A case of much ado about nothing?
Like the storm scene in King Lear, the crashing waves and roaring wind outside the Brighton Centre mirrored the elemental sound and fury of the party conference within.
Labour’s Young Pretender was on manoeuvres. Bonnie Prince Andy (Burnham) wooed one packed fringe event after another, as if flirtatiously enlisting Flora Mcdonald to transport him from the Manchester mayoralty to No 10. Across the road, in the World Transformed tent, journalist Paul Mason and a member of Corbyn’s shadow cabinet were lecturing a panel on “How Labour can win”. This was a bit like asking Lord Cardigan to advise on the proper moment to launch a Crimean cavalry charge. But so far, so Labour conference.
Inside the main hall, Angela Eagle was fighting a long and ultimately doomed campaign to get a grip on members’ speeches. Under the banner “STRONGER FUTURE TOGETHER”, Labour was doing what it does best… arguing. Delegates gleefully thrashed out their differences on everything from Nato and the rules-based order, to party bureaucracy and, inevitably, Israel/palestine, the subject of a Young Labour motion later that day.

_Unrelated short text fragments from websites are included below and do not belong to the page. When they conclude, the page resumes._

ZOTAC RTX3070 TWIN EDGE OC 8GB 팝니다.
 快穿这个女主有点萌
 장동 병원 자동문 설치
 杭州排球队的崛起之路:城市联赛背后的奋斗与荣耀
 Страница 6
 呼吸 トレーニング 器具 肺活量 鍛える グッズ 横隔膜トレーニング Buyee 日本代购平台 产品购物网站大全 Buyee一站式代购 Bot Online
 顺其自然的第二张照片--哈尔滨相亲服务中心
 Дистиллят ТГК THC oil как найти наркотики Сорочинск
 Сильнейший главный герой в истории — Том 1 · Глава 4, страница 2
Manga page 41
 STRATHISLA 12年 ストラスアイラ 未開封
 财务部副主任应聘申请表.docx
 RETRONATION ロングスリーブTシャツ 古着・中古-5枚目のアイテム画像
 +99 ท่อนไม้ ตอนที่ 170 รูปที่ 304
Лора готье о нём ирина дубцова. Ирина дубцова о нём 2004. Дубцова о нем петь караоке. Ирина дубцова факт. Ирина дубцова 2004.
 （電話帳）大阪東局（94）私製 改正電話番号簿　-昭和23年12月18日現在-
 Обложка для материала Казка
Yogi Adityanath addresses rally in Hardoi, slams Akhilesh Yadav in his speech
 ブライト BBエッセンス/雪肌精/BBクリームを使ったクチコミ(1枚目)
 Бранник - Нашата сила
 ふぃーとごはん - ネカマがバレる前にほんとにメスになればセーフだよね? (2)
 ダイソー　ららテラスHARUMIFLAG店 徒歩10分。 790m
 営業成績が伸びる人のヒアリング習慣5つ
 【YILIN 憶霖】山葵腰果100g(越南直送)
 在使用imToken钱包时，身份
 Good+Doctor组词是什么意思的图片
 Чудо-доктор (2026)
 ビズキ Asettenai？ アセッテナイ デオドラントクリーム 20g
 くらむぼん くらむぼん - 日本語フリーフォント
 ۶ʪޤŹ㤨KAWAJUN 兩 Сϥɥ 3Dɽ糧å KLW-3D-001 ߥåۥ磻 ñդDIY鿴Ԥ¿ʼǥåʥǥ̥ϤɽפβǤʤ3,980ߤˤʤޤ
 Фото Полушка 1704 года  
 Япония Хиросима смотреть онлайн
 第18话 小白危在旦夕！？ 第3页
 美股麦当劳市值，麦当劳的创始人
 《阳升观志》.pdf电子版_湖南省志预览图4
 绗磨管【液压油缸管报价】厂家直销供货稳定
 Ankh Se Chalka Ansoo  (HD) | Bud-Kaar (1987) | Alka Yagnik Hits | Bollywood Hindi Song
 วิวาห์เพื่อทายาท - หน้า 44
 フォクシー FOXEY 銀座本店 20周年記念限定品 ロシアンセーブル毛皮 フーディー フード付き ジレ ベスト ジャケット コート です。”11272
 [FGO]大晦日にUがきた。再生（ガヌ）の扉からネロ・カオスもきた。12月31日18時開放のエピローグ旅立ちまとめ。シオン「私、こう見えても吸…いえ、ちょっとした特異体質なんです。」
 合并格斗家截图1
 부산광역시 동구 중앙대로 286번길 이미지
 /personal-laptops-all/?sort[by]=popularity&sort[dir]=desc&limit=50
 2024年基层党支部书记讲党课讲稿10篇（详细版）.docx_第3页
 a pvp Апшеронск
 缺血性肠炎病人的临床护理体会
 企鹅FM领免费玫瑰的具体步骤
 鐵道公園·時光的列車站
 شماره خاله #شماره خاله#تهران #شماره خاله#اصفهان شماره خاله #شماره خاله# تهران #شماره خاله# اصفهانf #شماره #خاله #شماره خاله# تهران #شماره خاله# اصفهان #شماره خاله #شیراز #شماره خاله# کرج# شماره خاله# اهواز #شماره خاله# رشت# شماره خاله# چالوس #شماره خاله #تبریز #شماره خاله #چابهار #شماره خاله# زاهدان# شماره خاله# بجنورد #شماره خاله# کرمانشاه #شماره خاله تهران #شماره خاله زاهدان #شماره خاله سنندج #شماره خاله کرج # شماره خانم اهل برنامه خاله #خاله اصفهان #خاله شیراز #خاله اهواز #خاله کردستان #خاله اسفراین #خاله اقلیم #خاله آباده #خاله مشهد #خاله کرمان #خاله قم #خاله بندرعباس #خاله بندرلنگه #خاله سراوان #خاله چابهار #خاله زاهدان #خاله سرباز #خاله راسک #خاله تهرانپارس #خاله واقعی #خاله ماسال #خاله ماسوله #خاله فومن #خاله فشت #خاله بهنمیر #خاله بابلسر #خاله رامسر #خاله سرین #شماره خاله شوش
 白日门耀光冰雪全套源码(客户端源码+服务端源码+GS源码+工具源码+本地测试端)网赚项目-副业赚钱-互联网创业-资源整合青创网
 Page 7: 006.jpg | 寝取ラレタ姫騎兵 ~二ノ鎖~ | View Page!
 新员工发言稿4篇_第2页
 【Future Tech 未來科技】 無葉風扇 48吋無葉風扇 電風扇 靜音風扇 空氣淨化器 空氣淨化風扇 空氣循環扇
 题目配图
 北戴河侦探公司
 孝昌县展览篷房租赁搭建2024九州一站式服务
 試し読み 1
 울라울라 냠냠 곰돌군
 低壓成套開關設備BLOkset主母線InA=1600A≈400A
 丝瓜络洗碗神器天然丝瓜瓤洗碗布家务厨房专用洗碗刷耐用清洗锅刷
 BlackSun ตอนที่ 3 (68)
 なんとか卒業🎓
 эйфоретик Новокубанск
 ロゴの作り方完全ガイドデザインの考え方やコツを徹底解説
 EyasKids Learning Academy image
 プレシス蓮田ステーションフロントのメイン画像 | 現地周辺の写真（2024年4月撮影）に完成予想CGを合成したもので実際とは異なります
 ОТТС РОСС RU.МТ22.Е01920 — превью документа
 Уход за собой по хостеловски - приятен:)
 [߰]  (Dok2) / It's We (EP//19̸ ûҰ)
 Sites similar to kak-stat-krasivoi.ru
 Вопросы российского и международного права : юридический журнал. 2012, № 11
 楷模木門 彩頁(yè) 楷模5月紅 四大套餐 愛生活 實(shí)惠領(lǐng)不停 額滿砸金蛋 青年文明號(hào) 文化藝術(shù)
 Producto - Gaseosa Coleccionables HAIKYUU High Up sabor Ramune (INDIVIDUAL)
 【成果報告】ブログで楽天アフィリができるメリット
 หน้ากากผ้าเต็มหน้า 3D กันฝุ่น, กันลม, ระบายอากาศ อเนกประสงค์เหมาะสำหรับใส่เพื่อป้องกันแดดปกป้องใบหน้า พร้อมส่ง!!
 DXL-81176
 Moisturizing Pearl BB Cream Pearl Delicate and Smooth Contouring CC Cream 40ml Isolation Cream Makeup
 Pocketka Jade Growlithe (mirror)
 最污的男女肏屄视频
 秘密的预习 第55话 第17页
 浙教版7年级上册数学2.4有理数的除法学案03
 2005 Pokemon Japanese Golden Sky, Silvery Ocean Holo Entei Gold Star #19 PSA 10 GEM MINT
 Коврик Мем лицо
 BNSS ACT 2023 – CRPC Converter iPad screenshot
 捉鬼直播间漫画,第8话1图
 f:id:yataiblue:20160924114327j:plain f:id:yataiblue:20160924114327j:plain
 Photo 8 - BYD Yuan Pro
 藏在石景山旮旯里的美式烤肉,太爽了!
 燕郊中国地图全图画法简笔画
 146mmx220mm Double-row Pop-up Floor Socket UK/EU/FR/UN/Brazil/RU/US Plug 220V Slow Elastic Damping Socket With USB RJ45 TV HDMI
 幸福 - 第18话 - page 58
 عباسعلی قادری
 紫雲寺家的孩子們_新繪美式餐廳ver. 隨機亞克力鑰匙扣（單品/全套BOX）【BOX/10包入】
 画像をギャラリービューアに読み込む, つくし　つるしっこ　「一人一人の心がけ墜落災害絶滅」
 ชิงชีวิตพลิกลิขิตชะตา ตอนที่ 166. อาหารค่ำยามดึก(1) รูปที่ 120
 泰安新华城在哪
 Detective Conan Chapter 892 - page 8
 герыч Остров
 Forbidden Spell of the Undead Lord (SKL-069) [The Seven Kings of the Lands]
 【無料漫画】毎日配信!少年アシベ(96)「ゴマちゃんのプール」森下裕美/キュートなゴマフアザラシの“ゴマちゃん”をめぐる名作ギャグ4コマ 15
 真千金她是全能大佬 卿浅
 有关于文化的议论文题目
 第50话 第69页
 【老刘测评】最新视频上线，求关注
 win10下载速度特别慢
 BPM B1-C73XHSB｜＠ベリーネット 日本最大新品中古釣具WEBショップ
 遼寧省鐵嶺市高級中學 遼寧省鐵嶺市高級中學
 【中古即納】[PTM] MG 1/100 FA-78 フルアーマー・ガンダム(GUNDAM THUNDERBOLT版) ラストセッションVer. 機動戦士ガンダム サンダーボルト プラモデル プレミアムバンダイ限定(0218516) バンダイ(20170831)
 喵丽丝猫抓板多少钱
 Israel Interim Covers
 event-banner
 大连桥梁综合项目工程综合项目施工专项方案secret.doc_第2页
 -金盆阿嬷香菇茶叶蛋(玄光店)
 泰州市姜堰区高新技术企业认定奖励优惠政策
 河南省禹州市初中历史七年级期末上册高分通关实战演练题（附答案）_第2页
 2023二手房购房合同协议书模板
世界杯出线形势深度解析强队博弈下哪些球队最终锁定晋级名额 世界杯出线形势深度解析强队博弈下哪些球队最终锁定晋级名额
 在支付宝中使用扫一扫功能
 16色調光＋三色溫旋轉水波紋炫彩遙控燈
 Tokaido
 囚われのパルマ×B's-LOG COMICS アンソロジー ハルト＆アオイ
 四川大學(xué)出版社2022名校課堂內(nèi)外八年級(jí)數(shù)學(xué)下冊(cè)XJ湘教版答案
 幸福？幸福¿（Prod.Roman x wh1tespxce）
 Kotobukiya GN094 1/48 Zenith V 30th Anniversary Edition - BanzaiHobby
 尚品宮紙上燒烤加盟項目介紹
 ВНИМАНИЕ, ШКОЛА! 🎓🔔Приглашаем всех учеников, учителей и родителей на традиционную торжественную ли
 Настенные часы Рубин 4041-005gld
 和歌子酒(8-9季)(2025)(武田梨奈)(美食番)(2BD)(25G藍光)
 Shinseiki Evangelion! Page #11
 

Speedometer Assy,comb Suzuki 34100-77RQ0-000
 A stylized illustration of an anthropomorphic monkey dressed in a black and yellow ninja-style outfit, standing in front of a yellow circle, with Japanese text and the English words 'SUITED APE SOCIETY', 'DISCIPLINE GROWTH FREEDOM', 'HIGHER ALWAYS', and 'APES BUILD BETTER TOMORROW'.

“Wind up, please?... Last sentence now… keep to time!” snapped poor Angela. Delegates agreed on some things: UBI, flexible work, “collective ownership”. But easily the biggest was for a matter of party bureaucracy – a Wakefield CLP member appalled by the lack of time allocated to the Israel/ Palestine motion.
Reinforcements arrived in the form of shadow chancellor Rachel Reeves, who sounded like another Labour Angela in her Four Yorkshiremen-style opening salvo. “At our state school, the library was turned into a classroom… as for textbooks, there were never, ever enough to go around.” Reeves is a powerful speaker, with an eye for a catchy slogan. She branded the recent NIC hike a “jobs tax”, pledged to “buy, make and sell more in Britain”, and support bricks-and-mortar shops by taxing online outlets.
The audience particularly despised outsourcing companies – when Reeves pledged to take more “in-house”, the cheers drowned out even her mighty bellow. “Conference,” she thundered, “THAT IS WHAT A LABOUR GOVERNMENT WILL DO.”
The chamber swelled with applause, and Reeves waved and radiated her Vera Lynn thousand-megawatt smile. The ovation muffled even the roar of the storm outside. But how many beyond the hardcore of party faithful were listening? Inside, it seemed, Labour was still talking to itself.